He found them as he dreamed of finding them, his father reading and his mother moving quietly about the room.
‘I need to discuss with you my present circumstances,’ he said.
‘Sit down, Harry,’ his mother said, moving to a tall chair by the table and sitting there with her hands joined in front of her.
‘I know that it is time for me to make a choice, and I have given it much thought, but perhaps not enough thought, and I have come to you both to see, perhaps, if you could help me clarify
how I must live my life, what I must do.’
‘Each of us needs to clarify how he must live his life,’ Henry senior said. ‘It is a matter for all of us.’
‘I am aware of that, Father,’ Henry said and then left silence. He knew that his father could not now declare a career for him or suggest that he get up early and go out early. He
had left things open for discussion rather than decision. He could see his father becoming bright-eyed and excited that an ordinary morning with his family in Newport had suddenly been transformed
and was awash with possibility.
No one mentioned the army, but it hovered over the conversation, swooping to eye level now and then; nor did any of them mention his ailment, but it too lingered in the atmosphere. Henry was
careful not to mention anything specific at first, merely his restlessness and his ambition and his need to clarify – he used the word several times – what he might do now.
‘I have become interested in America itself, Father, its traditions and history and indeed its future.’
‘Yes, but that is a subject for all Americans, we all must devote time and energy to the study of our heritage,’ his father said.
‘America is developing and changing,’ Henry said, ‘in ways which are unique and require a serious approach.’
He wondered if the word ‘serious’ had not been a mistake, if it had not suggested that his father’s approach to his chosen subject had been less than serious. His father was
easily wounded, but his mind was too busy now, and his bustling confidence too complete to take offence. Henry watched him pondering the full implications of the last remark and then noticed his
eyes become steely, his expression hard. He loved how his father could change like this and regretted that it occurred so seldom. He did not look at his mother.
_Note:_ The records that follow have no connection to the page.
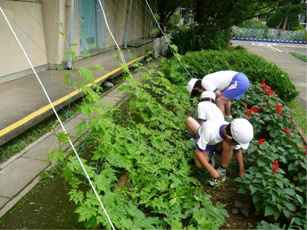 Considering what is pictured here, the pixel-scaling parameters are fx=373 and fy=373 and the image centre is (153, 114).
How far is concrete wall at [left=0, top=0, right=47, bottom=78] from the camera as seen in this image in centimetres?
684

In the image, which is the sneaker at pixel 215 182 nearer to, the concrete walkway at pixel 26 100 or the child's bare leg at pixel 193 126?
the child's bare leg at pixel 193 126

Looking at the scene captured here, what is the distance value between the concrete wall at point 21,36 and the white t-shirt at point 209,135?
4.37 m

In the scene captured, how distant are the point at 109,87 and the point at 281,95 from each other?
11.9 feet

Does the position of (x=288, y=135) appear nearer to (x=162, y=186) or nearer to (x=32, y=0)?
(x=162, y=186)

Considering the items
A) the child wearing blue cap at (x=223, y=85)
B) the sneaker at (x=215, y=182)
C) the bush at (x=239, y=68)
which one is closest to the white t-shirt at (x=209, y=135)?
the sneaker at (x=215, y=182)

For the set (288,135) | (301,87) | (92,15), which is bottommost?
(301,87)

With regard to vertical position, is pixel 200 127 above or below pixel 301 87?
above

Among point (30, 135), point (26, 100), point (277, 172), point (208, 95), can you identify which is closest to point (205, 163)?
point (277, 172)

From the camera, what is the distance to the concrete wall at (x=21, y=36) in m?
6.84

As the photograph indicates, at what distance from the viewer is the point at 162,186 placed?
3.40 meters

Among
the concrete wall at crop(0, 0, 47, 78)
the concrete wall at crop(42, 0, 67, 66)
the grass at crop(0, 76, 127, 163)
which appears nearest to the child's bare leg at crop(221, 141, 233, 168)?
the grass at crop(0, 76, 127, 163)

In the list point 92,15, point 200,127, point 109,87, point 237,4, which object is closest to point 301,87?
point 237,4

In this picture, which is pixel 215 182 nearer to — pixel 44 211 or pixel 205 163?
pixel 205 163

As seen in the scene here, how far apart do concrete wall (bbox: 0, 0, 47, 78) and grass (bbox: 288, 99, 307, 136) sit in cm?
539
‘What is it you wish to do then?’ his father asked.
In that moment Henry senior appeared and sounded like someone powerful, a man with a large private income at his disposal and a high puritan sternness. This, he thought, was how his
father’s own father must have been when plans and money were being discussed.
‘I do not wish to become an historian,’ Henry said. ‘I want to study something with a more specific application. In short, sir, I wanted to discuss with you whether I should
study law.’
‘And keep us all out of jail?’ his father asked.
‘Do you wish to join your brother at Harvard?’ his mother asked.
‘William said it is the best law school in America.’
‘William would not even know how to break a law,’ his father said.
The idea of a changing legal system as part of a changing America, however, began to interest his father the more he spoke on the subject. When he had expounded on it at some length, he seemed
to abandon whatever worries he had about the narrowness of the subject and indeed the confining nature of decisions themselves. The fact that his two eldest sons would spend their time, at his
expense, in libraries while a war for the very survival of American values of freedom and individual rights raged outside, may have occurred to him, but, in Henry’s presence, he did not let
it cloud his new enthusiasm, and his wife, with her mild silence and her smile, also indicated her approval that he should attend Harvard to study law.
N
OW
H
ENRY
had the summer free from his father’s nervous, watchful eyes and his mother’s ministrations. His case had been put to rest. His
parents could occupy themselves worrying about Wilky and Bob and Alice. Henry could savour the stifling heat of his bedroom; he could work with freedom; he could read whatever he liked without the
foreboding that his father would at any moment and without warning appear at his bedroom door and tell him that there was a war on, his country needed him, it was time to submit to army discipline,
to wear a uniform and sleep in barracks and march in file.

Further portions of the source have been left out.